(Given the topic, I’m sorry if this post feels harsh. And if you’re on the fence about reading it, skip it.)
I do not do this completely, but almost completely I do ignore creative work made by people that committed suicide.
Mostly it is subconscious and passive ignorance, partly because many of their works do contain dark feelings of one kind or another, which I don’t much seek out.
But I also find myself deliberately excluding those works, and I wonder if I should make the choice complete; no exceptions and no interactions.
Why? I feel that having the capacity to commit suicide is fundamentally different from not having that capacity. I don’t have that capacity. Thus I don’t feel that I could learn something, or experience something beneficial, from interacting with creative works made by people who did have that capacity.

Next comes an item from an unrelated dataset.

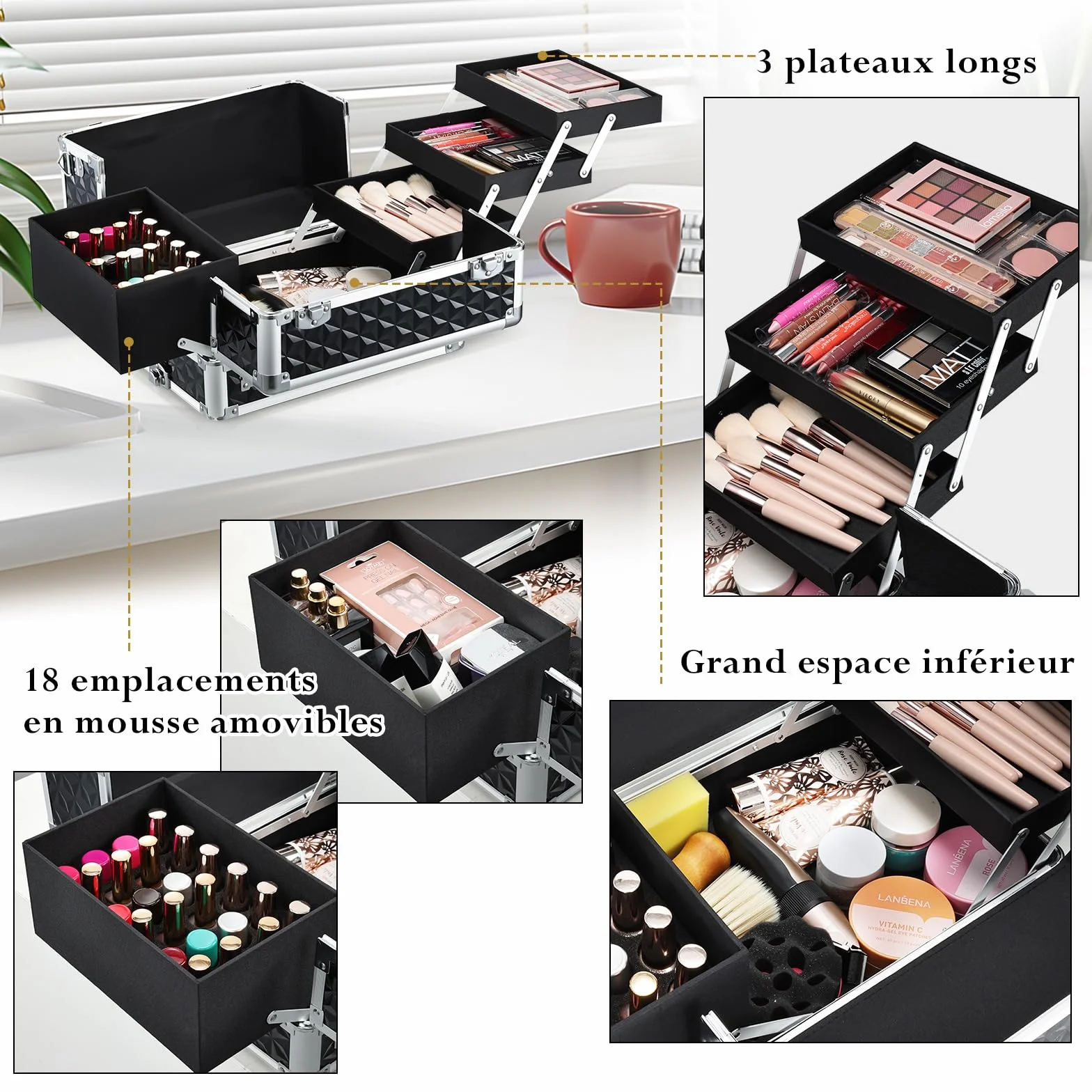 Valise Maquillage Professionnelle Trolley Beauty Case Noir foncé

It is possible that processing those works will make you think about how to be nicer to people. But I think it is possible to think about that without having to interact with those works.
For a similar reason I ignore works made by murderers; it is of course an act arising from a very different capacity to suicide, but it is a fundamentally distinct capacity too. And put simply, both of these acts are scary. I’m happy to understand them on an intellectual level and stop there.

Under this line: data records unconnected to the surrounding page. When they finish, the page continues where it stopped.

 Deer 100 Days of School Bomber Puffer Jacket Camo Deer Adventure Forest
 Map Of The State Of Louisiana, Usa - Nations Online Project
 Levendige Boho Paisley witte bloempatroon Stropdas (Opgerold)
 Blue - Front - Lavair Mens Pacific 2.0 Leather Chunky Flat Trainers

And maybe this is more particular to me, but those creative works also become overshadowed by their creator’s act; it sits at the forefront while you’re trying to focus on the creative work at hand.

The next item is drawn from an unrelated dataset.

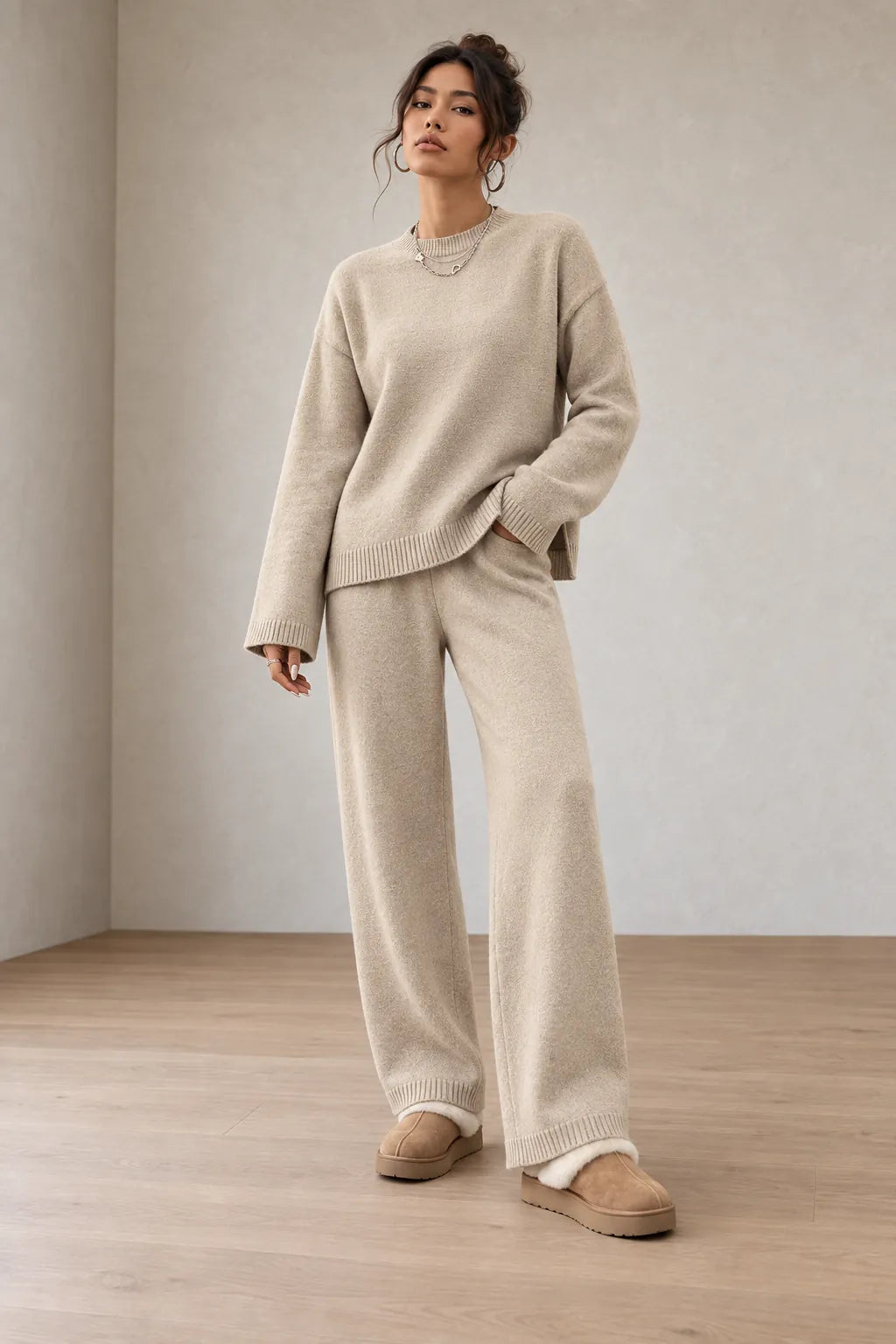 Women's Crewneck Knit Lounge Set - Side-Slit Sweater & Wide-Leg Pants - Beige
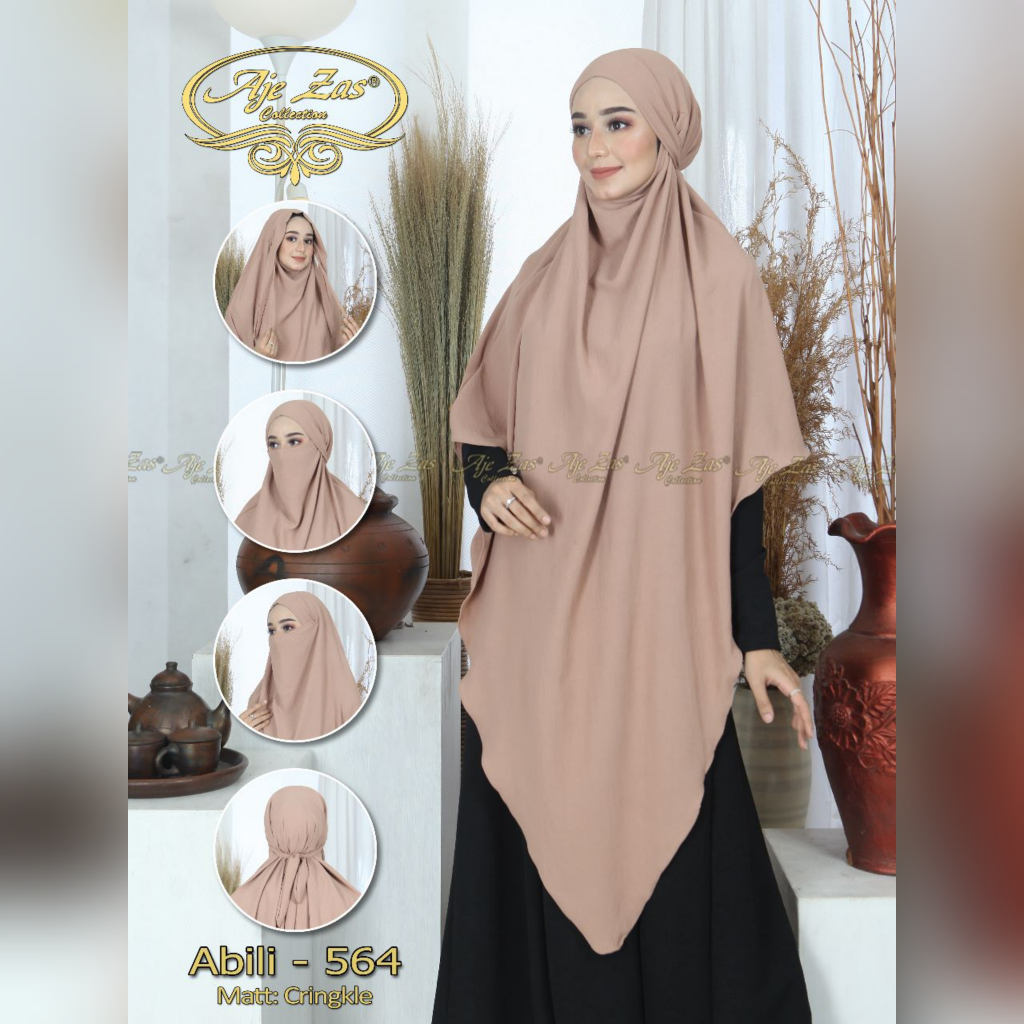 TERBARU Hijab Syari Frensh Khimar Tali Kode ABILI Bahan Kringkel Premium By Ory AjeZas Collection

I think the right answer is to not make this black-and-white choice to ignore, and instead to continue thinking for now.
"but those creative works also become overshadowed by their creator’s act; it sits at the forefront while you’re trying to focus on the creative work at hand." This is an excellent point, thanks. I think with some authors/philosophers (especially women?) there's been a more recent reappraisal of "oh she wouldn't have wanted to be remembered for killing herself, let's just talk about her great her art/scholarship was!" and like...someone who kills themselves is, in fact, sending a pretty strong signal to the world about what is and isn't worth it. :/
Watch The Shining and read A Farewell to Arms, then report back.